Мозаичная карта из с. Мадаба (Мадеба). VI в. 32 страница



Стиль Иоанна претенциозен: он хочет быть красноречивым, но для этого ему решительно не хватает литературных данных. Убедительность речи заменяется у него необычайным многословием, в котором незаметно достаточного навыка к логическому мышлению: чувствуется полное отсутствие серьезной грамматической и риторской школы.

С точки зрения стиля, приемов изложения и даже фразеологии наибольшее влияние на Иоанна Эфесского оказал Феодорит Киррский, с которым он был знаком, видимо, через «Трехчастную историю» Феодора Чтеца.

Значение «Церковной истории» Иоанна Эфесского как исторического источника бесспорно. Его эпоха, особенно в области церковной истории, весьма скудно отражена в греческих источниках. Поэтому рассказы очевидцев, притом освещающие события с новой точки зрения, получают громадную важность. «История» Иоанна Эфесского тенденциозна, но эта тенденциозность, вытекающая скорее из чувства, чем из рассудка, порой имеет наивный, а не злонамеренный характер, и поэтому увидеть за ней истину нетрудно. Кроме того, она и сама по себе представляет большой исторический интерес, так как отражает не только личные симпатии или антипатии автора, но и настроения общественной среды, к которой он принадлежал.

По содержанию «Церковная история» Иоанна Эфесского имеет отношение главным образом к истории монофиситства в последней стадии его развития, причем в ней раскрываются не столько догматические, сколько историко-культурные и отчасти социальные его основы. Но этим значение «Церковной истории» Иоанна не исчерпывается. Она освещает последний акт борьбы христианства с язычеством, давая представление о социальных и идеологических основах этой борьбы.

В собственно сирийской историографии Иоанну Эфесскому принадлежит заметное место. Правда, он не был первым сирийским церковным историком, ибо ему уже предшествовал и послужил для него источником Псевдо-Захария. Однако он был первым сирийским историком, написавшим, пусть и не вполне совершенную, но все же прагматическую историю, имевшую прочную источниковедческую базу. Последующие истори-{240}ческие сочинения в сирийской литературе создавались уже в форме хроник.
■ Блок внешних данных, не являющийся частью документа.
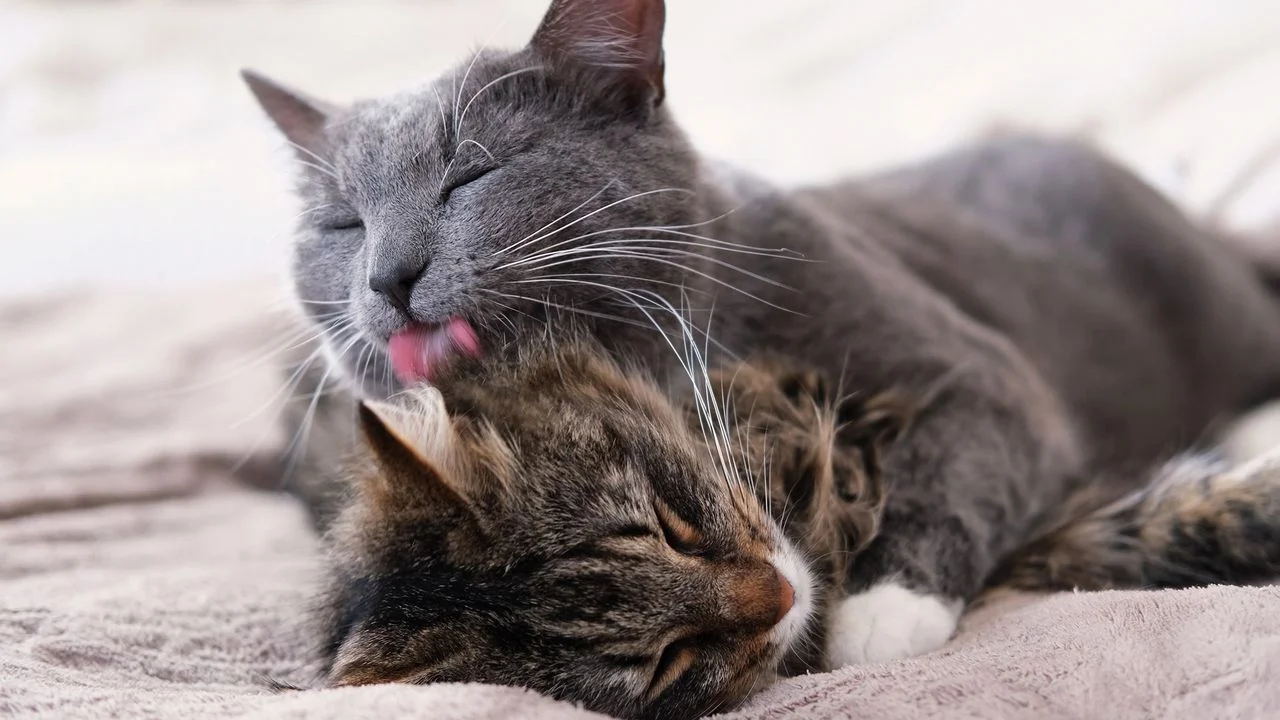 Understanding Cats: The Significance of Allogrooming in Feline Behavior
Велика была роль Иоанна Эфесского как посредника между греческой и сирийской историографией. Сирийскую историографию он обогатил знакомством с греческими историками, греческую — фактами, почерпнутыми из сирийских источников. Менее удачной была его попытка привить сирийской историографии литературную форму и литературные приемы историографии греческой. Эта неудача объяснялась, конечно, тем, что сам Иоанн не овладел искусством высокого стиля и чистотой языка греческих историков. Однако встреча двух культур здесь произошла, и они оказали друг на друга большое влияние 248. Значение труда Иоанна Эфесского состоит еще и в том, что он, как никто другой, вводит нас в самую гущу социальной и религиозной борьбы VI в., приподнимает завесу над социальной психологией широких народных масс, яркими красками рисует такой социально-психологический феномен, как восточное монашество, показывая его в атмосфере ожесточенной религиозной и политической борьбы того времени.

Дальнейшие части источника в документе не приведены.